- **What to work on**
Each line of the records below needs repeating exactly. Skip the pictures.

- **Material shown**
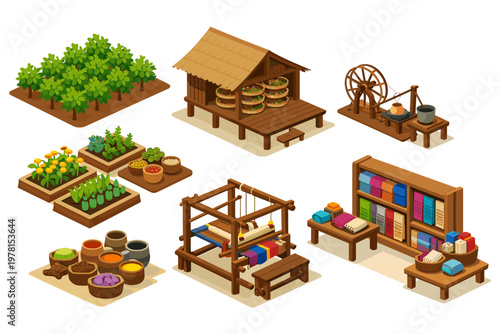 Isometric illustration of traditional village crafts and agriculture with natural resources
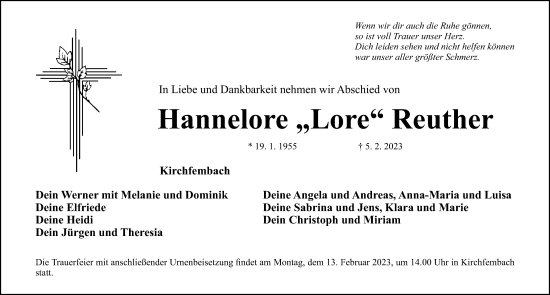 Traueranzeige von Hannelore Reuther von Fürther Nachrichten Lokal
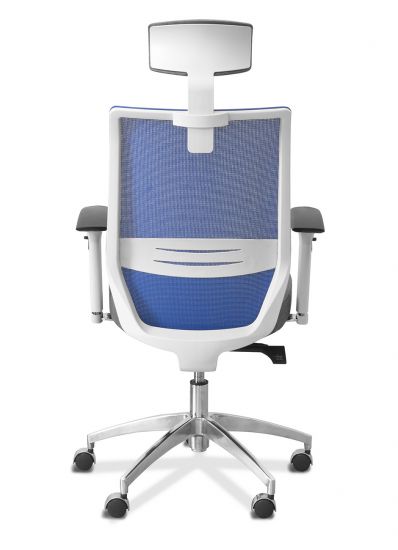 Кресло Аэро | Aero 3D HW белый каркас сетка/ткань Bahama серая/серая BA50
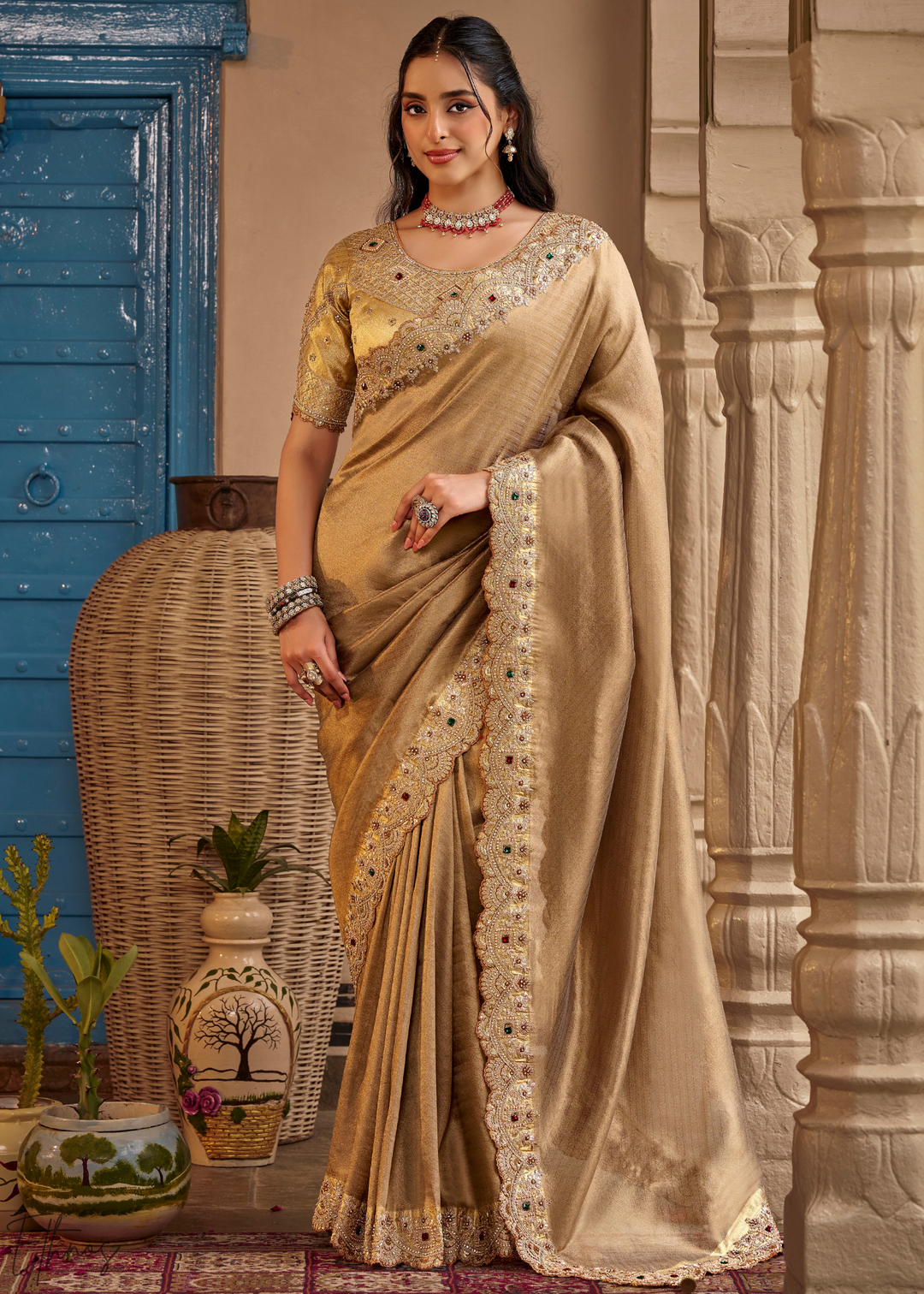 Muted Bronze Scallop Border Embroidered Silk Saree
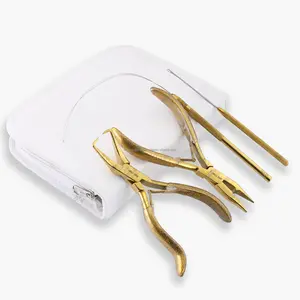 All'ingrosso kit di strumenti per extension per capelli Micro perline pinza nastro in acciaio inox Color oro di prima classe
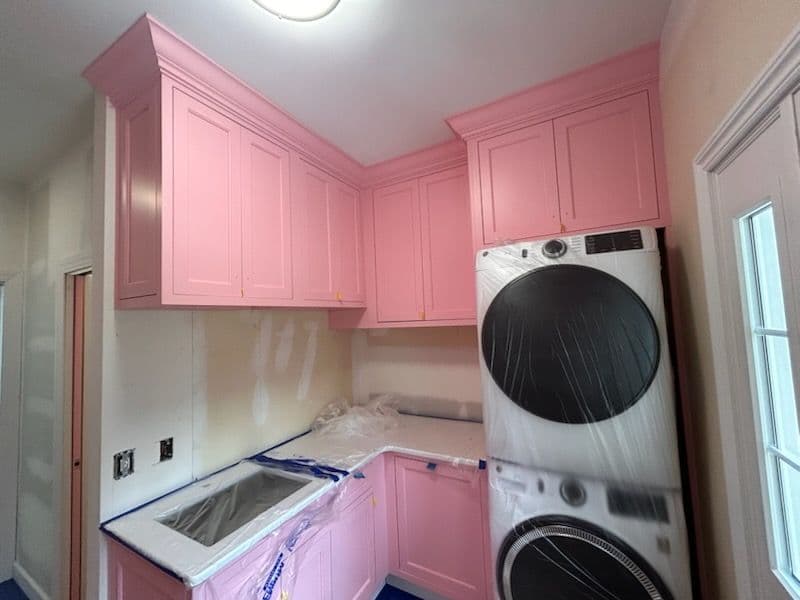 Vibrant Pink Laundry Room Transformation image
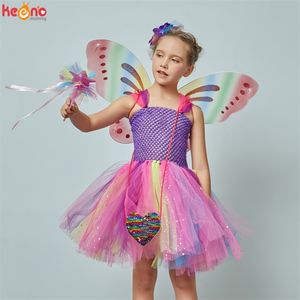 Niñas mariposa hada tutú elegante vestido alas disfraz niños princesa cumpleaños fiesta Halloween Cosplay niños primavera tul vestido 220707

- **Exercise result**
 Isometric illustration of traditional village crafts and agriculture with natural resources
 Traueranzeige von Hannelore Reuther von Fürther Nachrichten Lokal
 Кресло Аэро | Aero 3D HW белый каркас сетка/ткань Bahama серая/серая BA50
 Muted Bronze Scallop Border Embroidered Silk Saree
 All'ingrosso kit di strumenti per extension per capelli Micro perline pinza nastro in acciaio inox Color oro di prima classe
 Vibrant Pink Laundry Room Transformation image
 Niñas mariposa hada tutú elegante vestido alas disfraz niños princesa cumpleaños fiesta Halloween Cosplay niños primavera tul vestido 220707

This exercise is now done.